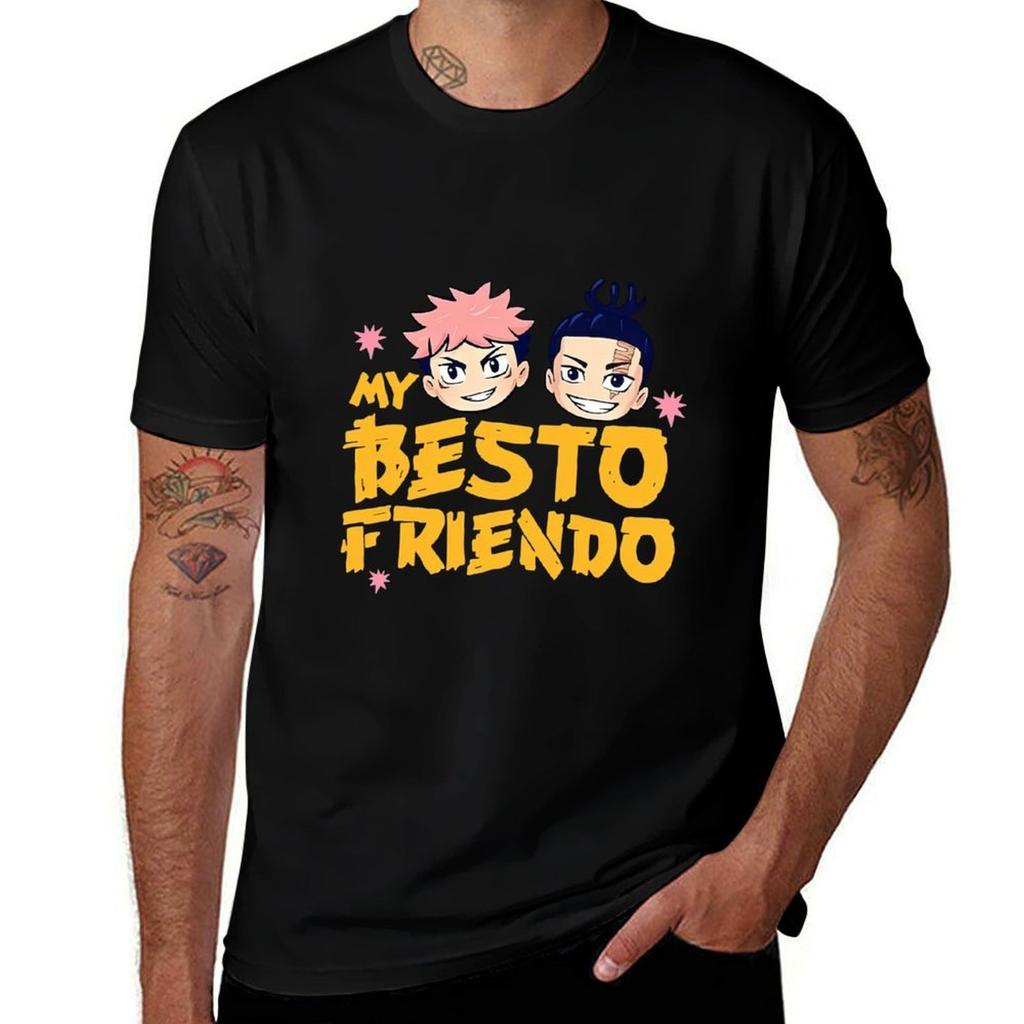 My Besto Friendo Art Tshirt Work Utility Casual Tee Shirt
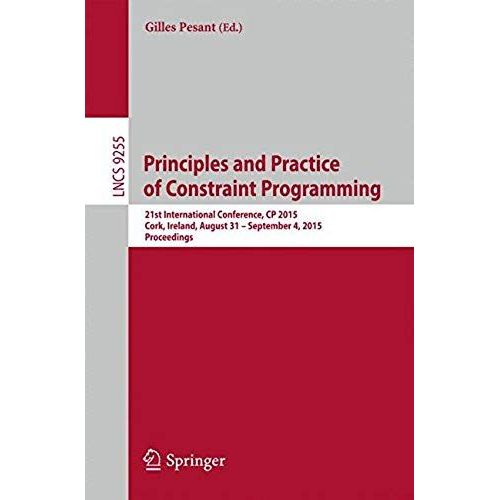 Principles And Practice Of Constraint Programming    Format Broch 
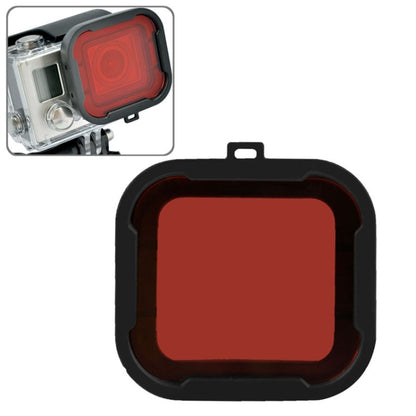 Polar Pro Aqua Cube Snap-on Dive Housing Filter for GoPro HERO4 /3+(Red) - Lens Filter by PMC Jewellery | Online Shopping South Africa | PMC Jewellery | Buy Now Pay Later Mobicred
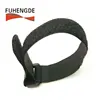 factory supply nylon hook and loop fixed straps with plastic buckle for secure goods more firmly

-*-

» About this task: Return the material above verbatim, minus the pictures.

» Answer to this task:
 My Besto Friendo Art Tshirt Work Utility Casual Tee Shirt
 Principles And Practice Of Constraint Programming    Format Broch 
 Polar Pro Aqua Cube Snap-on Dive Housing Filter for GoPro HERO4 /3+(Red) - Lens Filter by PMC Jewellery | Online Shopping South Africa | PMC Jewellery | Buy Now Pay Later Mobicred
 factory supply nylon hook and loop fixed straps with plastic buckle for secure goods more firmly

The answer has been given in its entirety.